Pierre Bonnard, The Bathtub (1925)
Tate Gallery, London
Pierre Bonnard, Marthe in the Bath, (c. 1908-1910)
Other highlights of the show include a group of rarely seen self-portraits and photographs by Bonnard, mostly small (about  2 x 2.5 inch) snapshots of friends and family, including travel photos. These small photos are modern prints from the original negatives. They're probably contact prints (printed at the same size as the negative), although enlarged in the exhibition catalog (and here). Wall text gives no information about size, but goes out of its way to point out that these were snapshots, that Bonnard would not have considered them artistic work. Nevertheless, a clear sense of composition is apparent in all the images, and one, Marthe in the Bath, a nude of Marthe de Méligny, with its ambiguous foreground and motion-blurred face, has all the qualities of the painted nudes.

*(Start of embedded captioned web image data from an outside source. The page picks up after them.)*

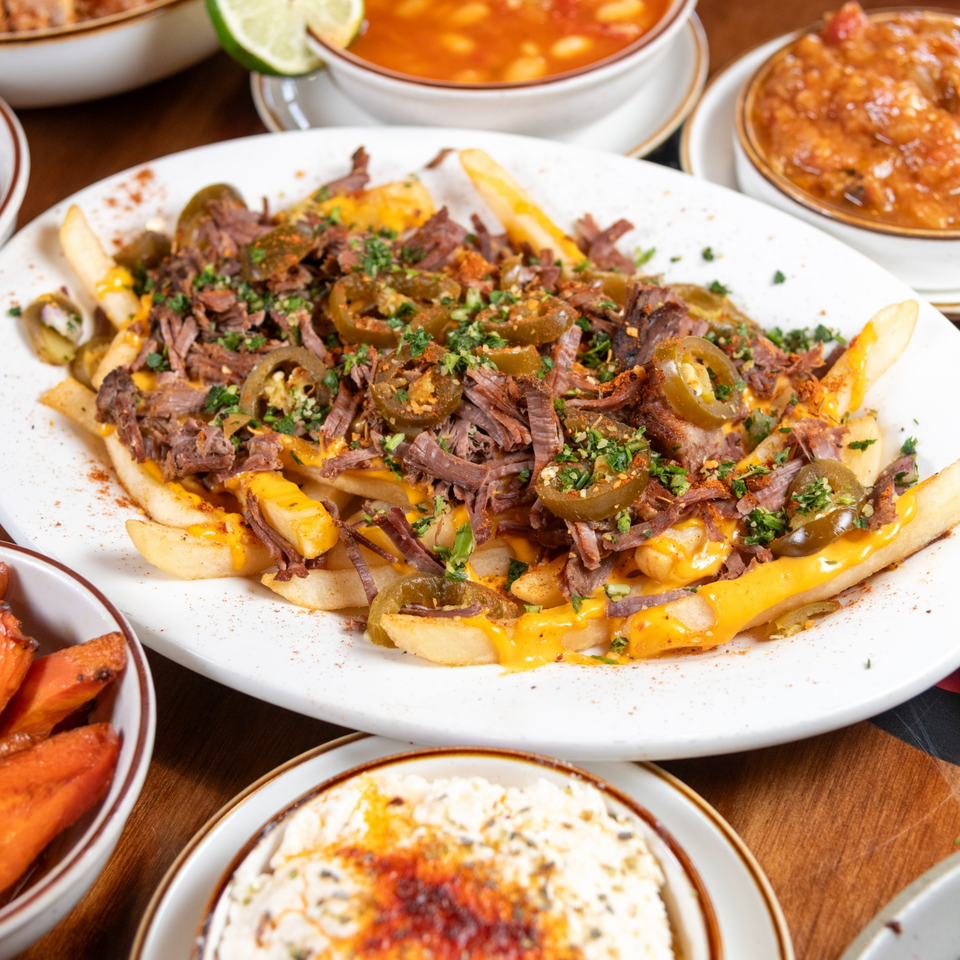 Loaded fries with shredded beef, melted cheese, sliced jalapeños, and chopped parsley.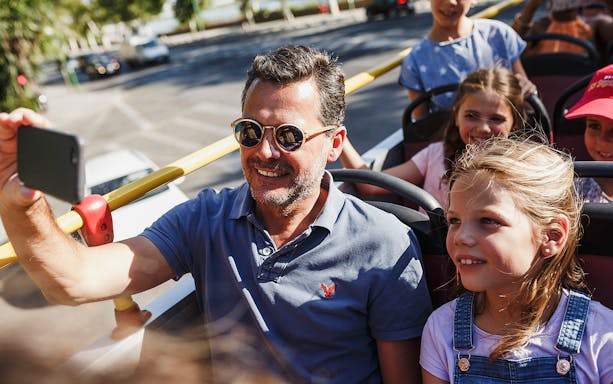 Man and children enjoying Reykjavik hop-on hop-off bus tour.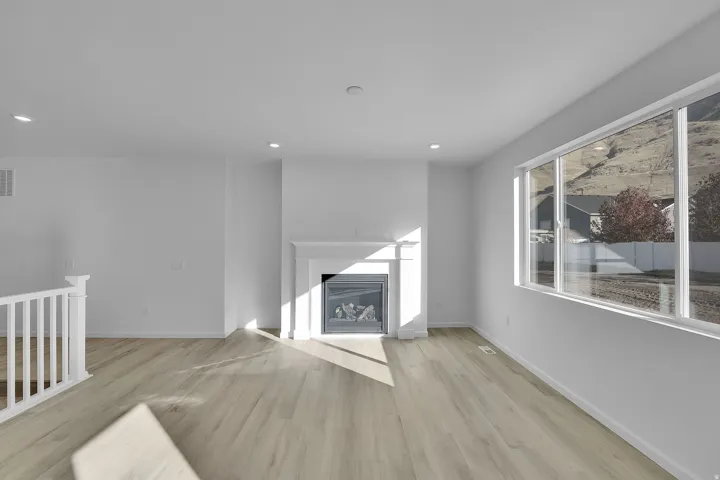 Unfurnished living room with light wood-type flooring, a glass covered fireplace, and recessed lighting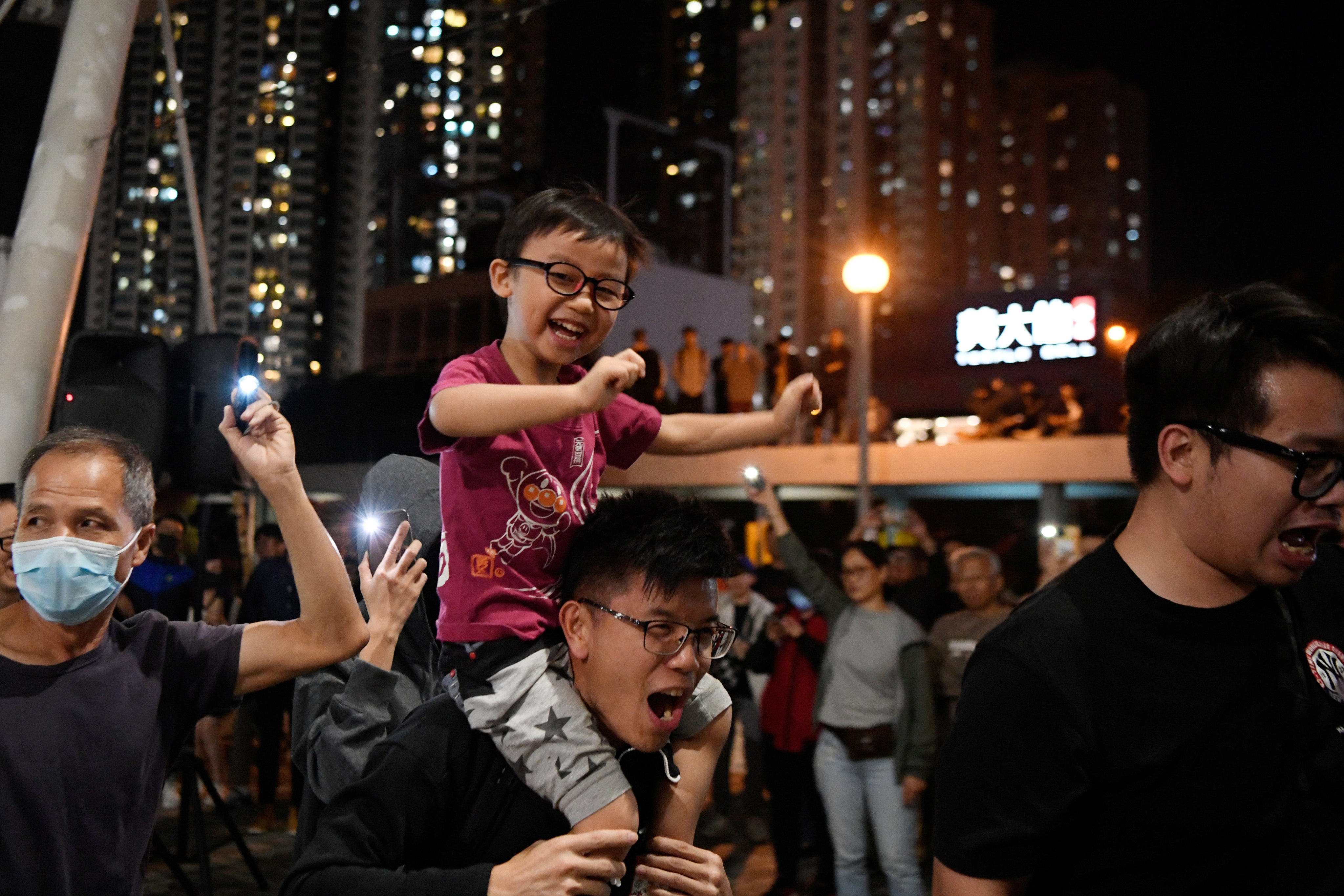 People celebrate the results of the 2019 district council elections in Wong Tai Sin on November 30, which saw pro-democracy parties make big gains. Political apathy is not a state to aspire to, and it doesn’t make governance any less challenging. Photo: Reuters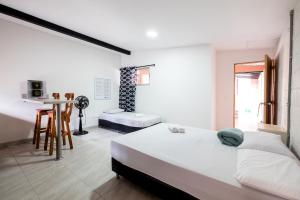 a bedroom with a bed and a table and a chair at Medellin Backpacker Hostel in Medellín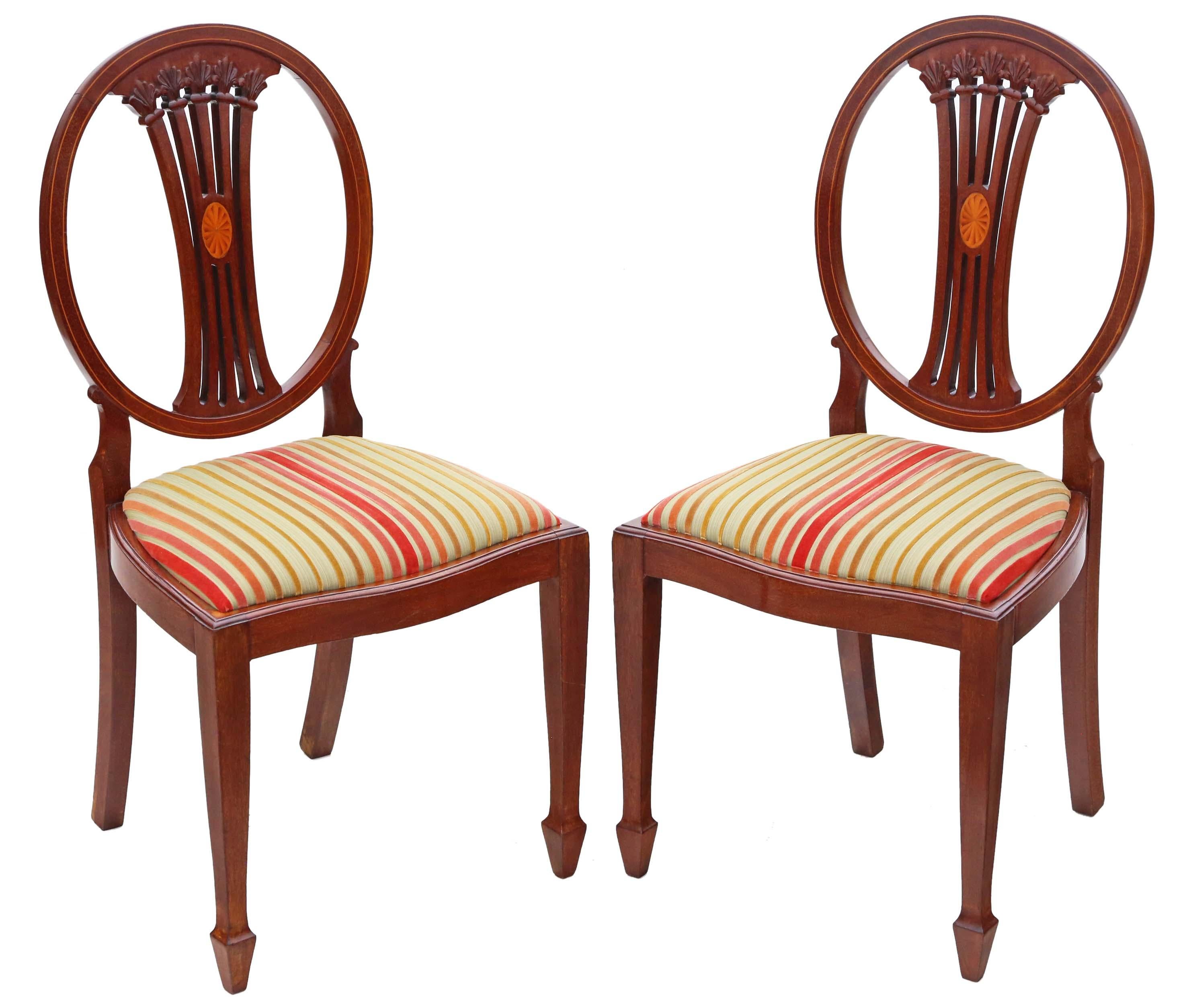 Antique quality pair of Georgian revival inlaid mahogany dining side hall bedroom chairs C1910.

The large mural-sized works that close the show include two of special interest, a pair of works commissioned by art critic George Besson for his Paris apartment. The first, completed in 1912, is a daytime scene. The second, from 1928, a full 16 years later, is a night scene (shown here). Both depict La Place Clichy, in Paris, as seen from inside a brasserie. Bonnard certainly loved cadmium yellow—and cats.

Pierre Bonnard, La Place Clichy (1928)
A large number of the paintings on display are from The Musée d'Orsay, in Paris, the Tate, London, and the National Gallery, in Washington D.C., and from other museums I've visited on multiple occasions. Despite that, and, although I've always admired Bonnard's work, I can't remember seeing a single piece in this show before. Everything seemed fresh. There are more than 70 works on display, but the galleries have been generously allocated. Nothing seems crowded. There is just enough to be deeply satisfying without causing fatigue. Notable for the quality of the work and for its breadth, going well beyond Bonnard's Nabi period, Pierre Bonnard: Painting Arcadia runs at the Legion of Honor through May 15, 2016.